===== Provided data =====

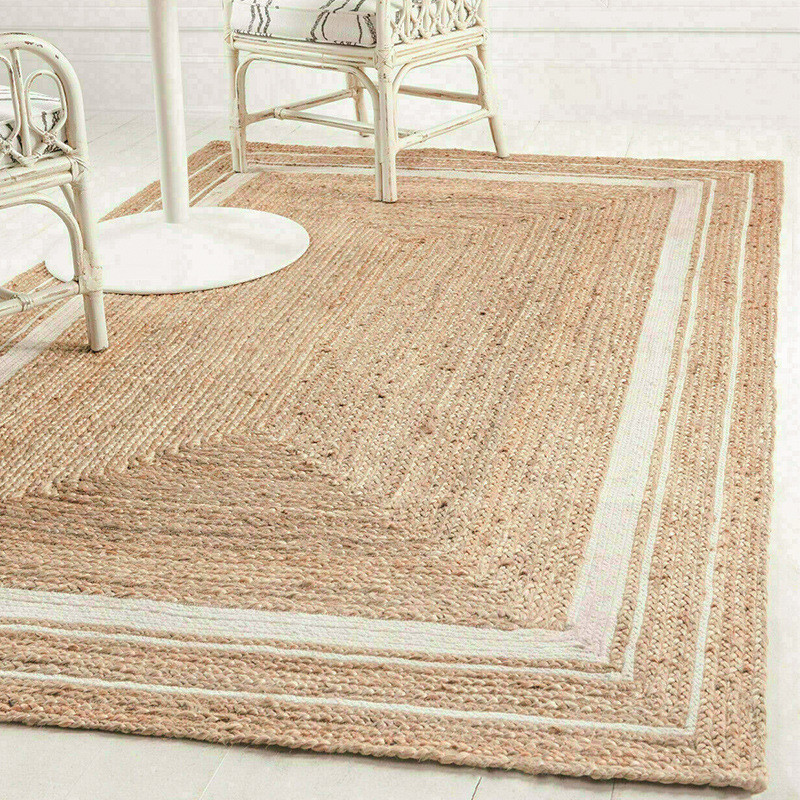 Living Room Carpet Natural Jute Hand Woven Soft Breathable Comfortable Home Decoration Rug Wear
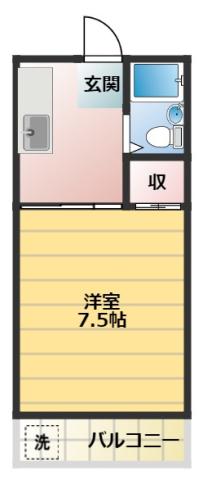 コーポ岡田(1K/1階)の間取り写真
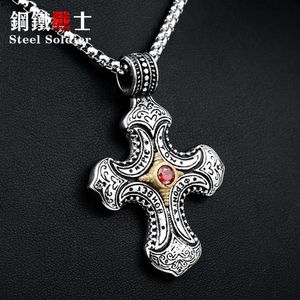 Staal soldaat rvs Thailand stijl cross stone hanger unqiue titanium stalen sieraden voor vrouwen en man als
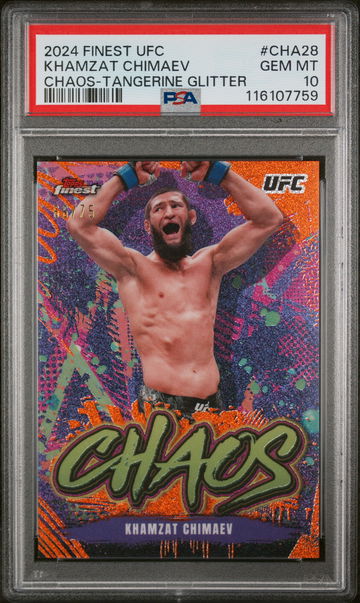 2024 Finest #CHA-28 Khamzat Chimaev Chaos-Tangerine Glitter /75 PSA 10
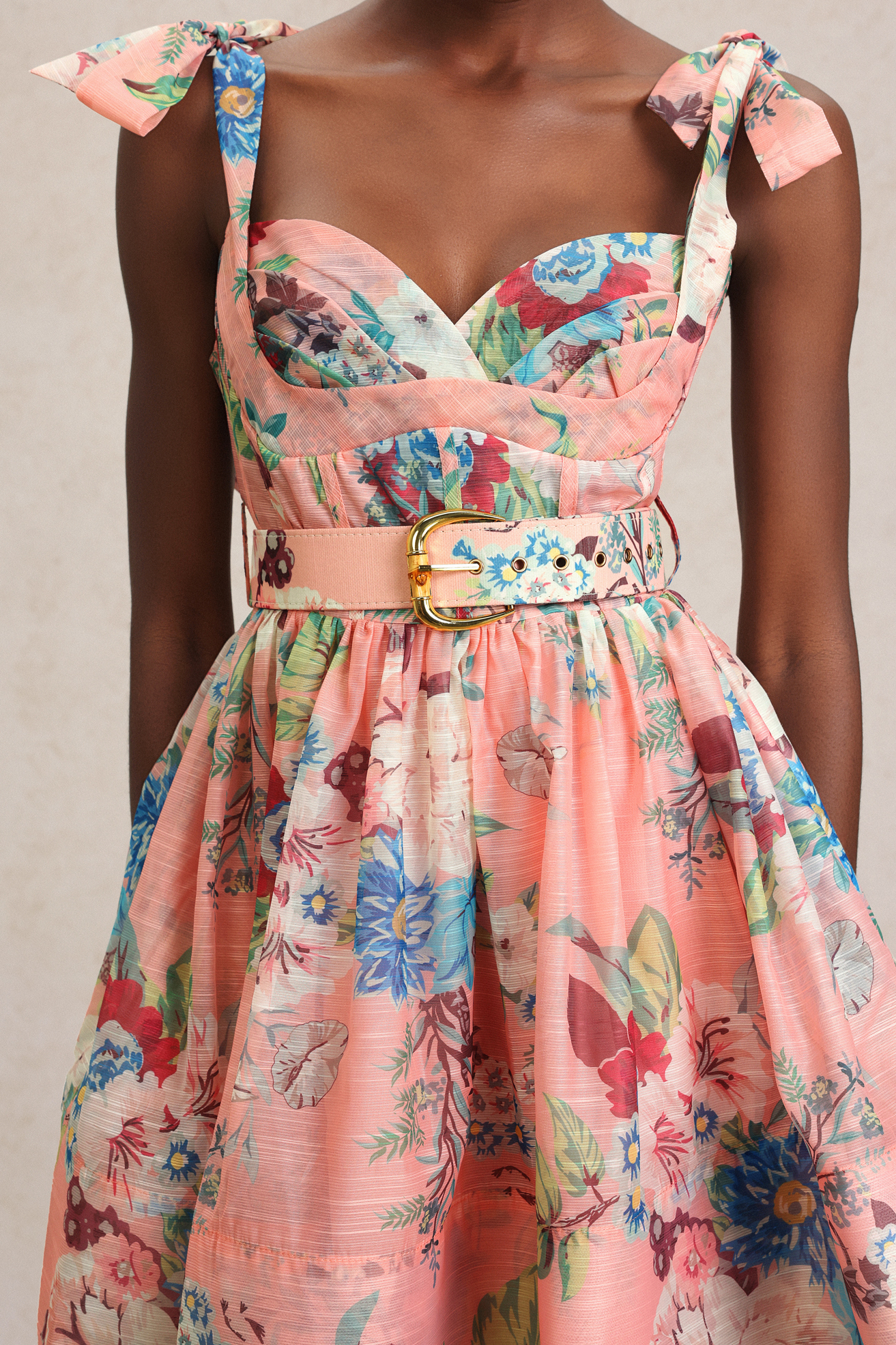 Hilda Floral Printed Halter Mini Dress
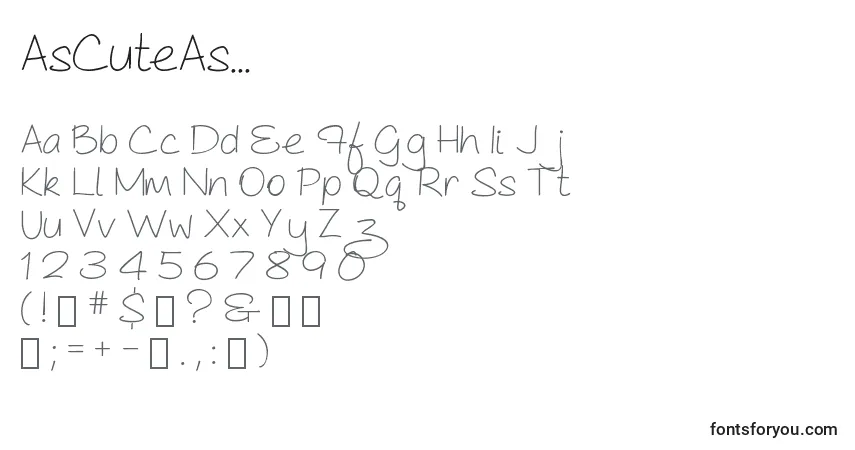 Schriftart AsCuteAs... – Alphabet, Zahlen, spezielle Symbole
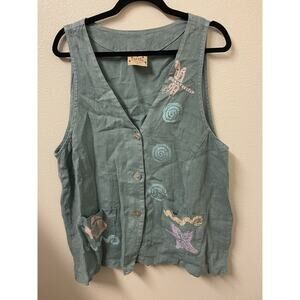 Blue Cactus Women's Button Down Beach Theme L Vest USA Made Blue Color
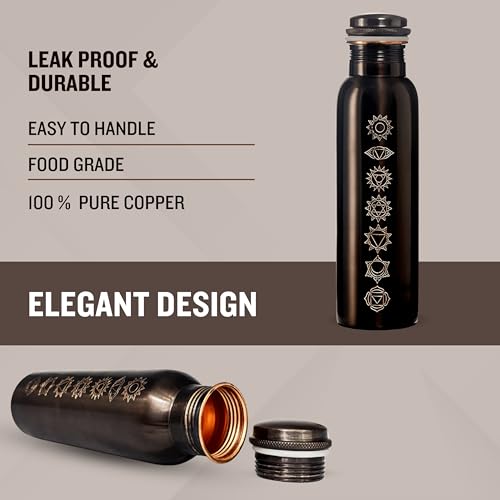 Image of Copper Water Bottle 1 Ltr | Copper Water Bottle with Glass Set | Meena Work | 100% Pure | Leak-Proof | 2 Water Glass 300ml each | Best for Gifting ((Asth Mangla Design))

=====

_Work item_
Give again, word for word, the lines above from the first one through the one containing "Hilda Floral Printed Halter Mini Dress"; no pictures.

_Result of this exercise_
 Living Room Carpet Natural Jute Hand Woven Soft Breathable Comfortable Home Decoration Rug Wear
 コーポ岡田(1K/1階)の間取り写真
 Staal soldaat rvs Thailand stijl cross stone hanger unqiue titanium stalen sieraden voor vrouwen en man als
 2024 Finest #CHA-28 Khamzat Chimaev Chaos-Tangerine Glitter /75 PSA 10
 Hilda Floral Printed Halter Mini Dress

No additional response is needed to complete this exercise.